::: Data shown :::
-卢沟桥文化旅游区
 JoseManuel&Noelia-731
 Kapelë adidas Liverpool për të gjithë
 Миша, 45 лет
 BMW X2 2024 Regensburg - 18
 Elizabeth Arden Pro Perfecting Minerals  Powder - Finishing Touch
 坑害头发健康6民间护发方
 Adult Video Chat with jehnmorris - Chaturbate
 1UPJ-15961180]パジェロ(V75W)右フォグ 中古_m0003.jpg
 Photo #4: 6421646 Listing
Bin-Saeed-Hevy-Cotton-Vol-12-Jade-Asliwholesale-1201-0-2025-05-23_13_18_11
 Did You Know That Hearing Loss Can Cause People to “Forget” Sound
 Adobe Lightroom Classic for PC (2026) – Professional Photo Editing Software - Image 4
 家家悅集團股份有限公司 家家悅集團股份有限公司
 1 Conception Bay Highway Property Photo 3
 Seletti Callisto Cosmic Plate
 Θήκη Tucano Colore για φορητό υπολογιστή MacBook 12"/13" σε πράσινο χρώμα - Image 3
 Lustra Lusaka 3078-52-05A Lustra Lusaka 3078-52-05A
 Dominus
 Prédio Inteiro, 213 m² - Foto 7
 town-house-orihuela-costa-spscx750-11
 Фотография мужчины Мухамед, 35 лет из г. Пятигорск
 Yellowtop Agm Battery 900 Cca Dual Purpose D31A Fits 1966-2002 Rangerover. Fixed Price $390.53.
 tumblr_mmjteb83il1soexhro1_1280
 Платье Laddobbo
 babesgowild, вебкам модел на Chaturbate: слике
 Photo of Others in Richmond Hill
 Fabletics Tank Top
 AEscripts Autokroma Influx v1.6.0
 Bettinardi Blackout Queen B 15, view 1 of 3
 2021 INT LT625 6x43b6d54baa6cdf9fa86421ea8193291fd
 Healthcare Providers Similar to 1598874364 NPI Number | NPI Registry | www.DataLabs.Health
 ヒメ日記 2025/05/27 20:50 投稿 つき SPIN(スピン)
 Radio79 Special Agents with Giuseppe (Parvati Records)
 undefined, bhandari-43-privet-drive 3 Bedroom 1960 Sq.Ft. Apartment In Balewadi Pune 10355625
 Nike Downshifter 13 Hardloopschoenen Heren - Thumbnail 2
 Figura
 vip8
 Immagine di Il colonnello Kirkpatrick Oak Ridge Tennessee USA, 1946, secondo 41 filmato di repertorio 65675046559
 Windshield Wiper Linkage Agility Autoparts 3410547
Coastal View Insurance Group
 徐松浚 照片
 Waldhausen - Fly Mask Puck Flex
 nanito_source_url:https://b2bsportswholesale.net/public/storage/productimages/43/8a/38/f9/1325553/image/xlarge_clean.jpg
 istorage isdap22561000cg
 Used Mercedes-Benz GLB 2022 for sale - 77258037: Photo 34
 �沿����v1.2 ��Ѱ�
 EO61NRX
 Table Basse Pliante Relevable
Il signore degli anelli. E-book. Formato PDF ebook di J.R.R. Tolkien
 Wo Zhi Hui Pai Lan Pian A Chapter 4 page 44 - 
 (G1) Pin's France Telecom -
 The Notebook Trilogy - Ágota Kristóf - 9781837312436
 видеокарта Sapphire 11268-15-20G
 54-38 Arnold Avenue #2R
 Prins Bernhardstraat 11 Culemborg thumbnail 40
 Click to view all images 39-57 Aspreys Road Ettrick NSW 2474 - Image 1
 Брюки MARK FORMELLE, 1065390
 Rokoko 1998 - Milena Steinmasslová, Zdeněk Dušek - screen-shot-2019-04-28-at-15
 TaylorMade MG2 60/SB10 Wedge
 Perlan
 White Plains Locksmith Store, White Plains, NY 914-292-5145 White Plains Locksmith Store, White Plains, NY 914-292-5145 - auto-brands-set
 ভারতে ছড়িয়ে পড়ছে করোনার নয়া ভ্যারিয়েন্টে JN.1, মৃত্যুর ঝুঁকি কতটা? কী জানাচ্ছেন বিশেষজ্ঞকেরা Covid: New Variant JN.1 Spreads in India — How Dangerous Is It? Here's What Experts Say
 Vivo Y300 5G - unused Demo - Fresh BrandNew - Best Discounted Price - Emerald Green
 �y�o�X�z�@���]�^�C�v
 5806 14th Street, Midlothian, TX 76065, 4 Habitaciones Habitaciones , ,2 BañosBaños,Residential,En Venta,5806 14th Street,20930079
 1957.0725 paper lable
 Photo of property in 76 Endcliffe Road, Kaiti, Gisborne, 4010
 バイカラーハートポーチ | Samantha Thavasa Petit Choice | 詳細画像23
:::
The problem
Every line of the listing above that includes "with" should be copied out.

Task result
 Adult Video Chat with jehnmorris - Chaturbate
 Radio79 Special Agents with Giuseppe (Parvati Records)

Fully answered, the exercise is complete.